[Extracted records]
=== Begin Enclosure ===

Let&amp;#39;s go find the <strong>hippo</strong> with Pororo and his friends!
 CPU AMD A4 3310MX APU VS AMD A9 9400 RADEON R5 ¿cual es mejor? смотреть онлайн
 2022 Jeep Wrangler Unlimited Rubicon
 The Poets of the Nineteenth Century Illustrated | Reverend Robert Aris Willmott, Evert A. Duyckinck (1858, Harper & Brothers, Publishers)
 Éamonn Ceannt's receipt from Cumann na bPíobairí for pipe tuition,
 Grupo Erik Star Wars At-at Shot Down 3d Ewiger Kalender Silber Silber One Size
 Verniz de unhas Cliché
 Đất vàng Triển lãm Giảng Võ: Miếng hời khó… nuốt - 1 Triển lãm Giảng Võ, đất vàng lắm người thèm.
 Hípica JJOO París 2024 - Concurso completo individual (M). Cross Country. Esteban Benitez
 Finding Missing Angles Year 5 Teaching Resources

=== End Enclosure ===

Aim of the exercise
Repeat only the stretch of lines that opens with the line containing "Verniz de unhas Cliché" and closes with the final line of the entries, both included, exactly as written.

Exercise output
 Verniz de unhas Cliché
 Đất vàng Triển lãm Giảng Võ: Miếng hời khó… nuốt - 1 Triển lãm Giảng Võ, đất vàng lắm người thèm.
 Hípica JJOO París 2024 - Concurso completo individual (M). Cross Country. Esteban Benitez
 Finding Missing Angles Year 5 Teaching Resources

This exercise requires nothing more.